# Task goal:
Exact copy, pictures excluded: write out every line below.

# Data under study:
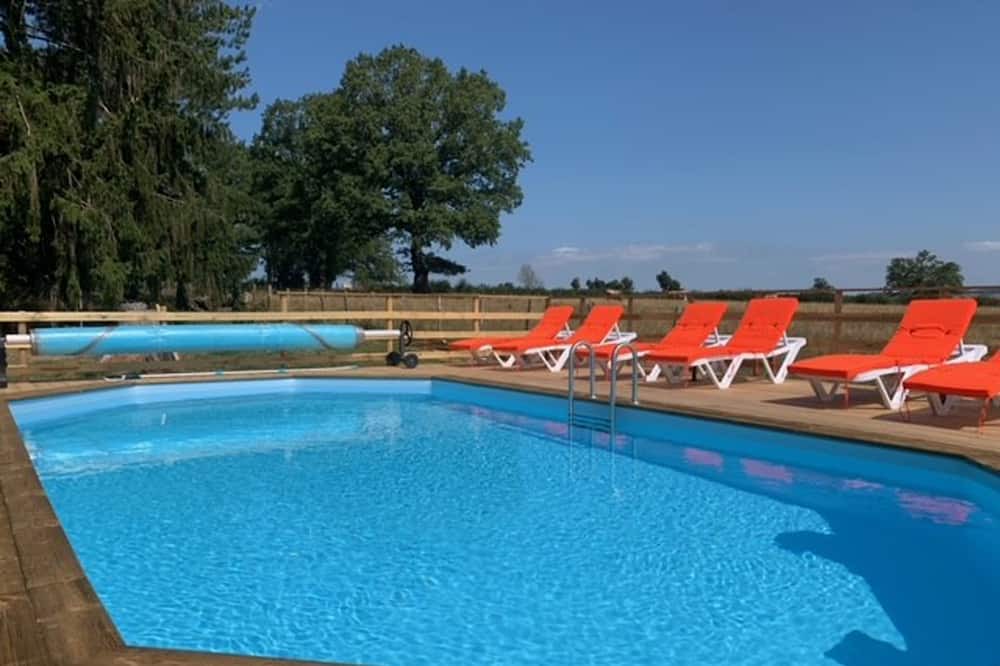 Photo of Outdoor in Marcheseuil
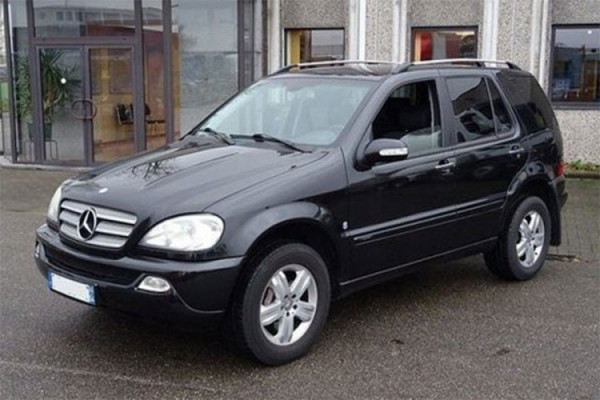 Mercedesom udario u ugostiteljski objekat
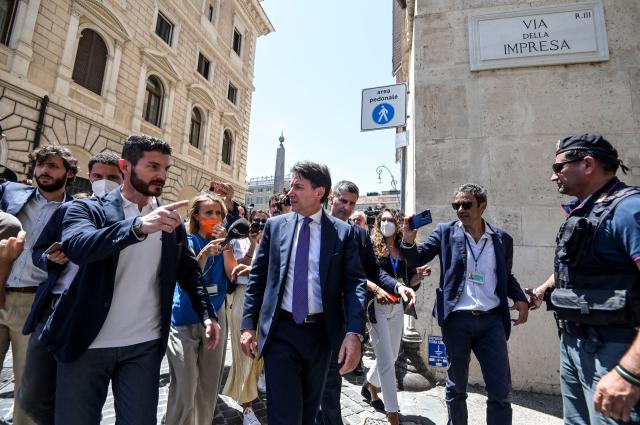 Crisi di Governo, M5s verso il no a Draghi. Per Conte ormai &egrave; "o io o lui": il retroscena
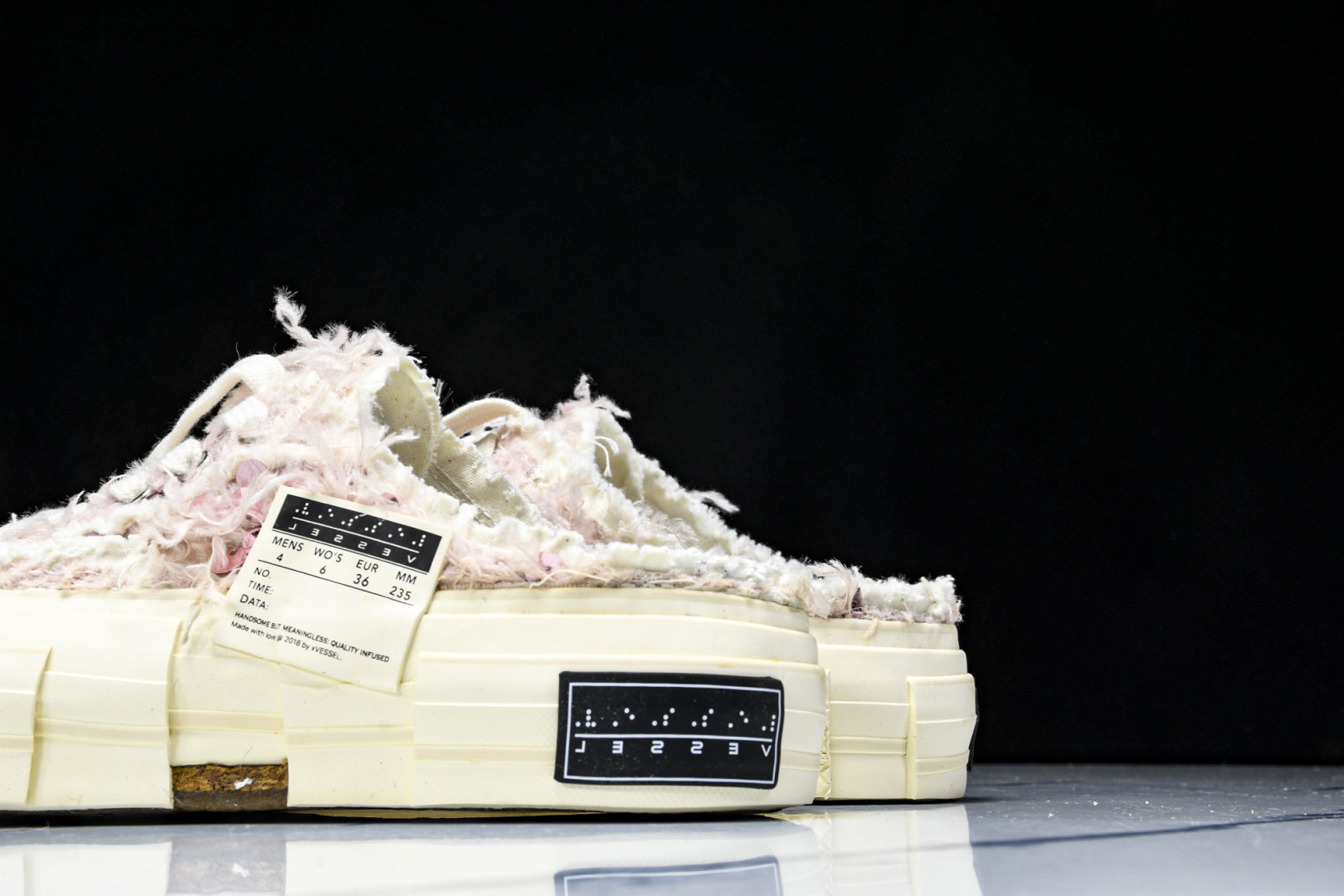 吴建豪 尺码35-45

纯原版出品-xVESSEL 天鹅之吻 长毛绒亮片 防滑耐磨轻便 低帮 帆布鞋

# Your solution:
 Photo of Outdoor in Marcheseuil
 Mercedesom udario u ugostiteljski objekat
 Crisi di Governo, M5s verso il no a Draghi. Per Conte ormai &egrave; "o io o lui": il retroscena
 吴建豪 尺码35-45

纯原版出品-xVESSEL 天鹅之吻 长毛绒亮片 防滑耐磨轻便 低帮 帆布鞋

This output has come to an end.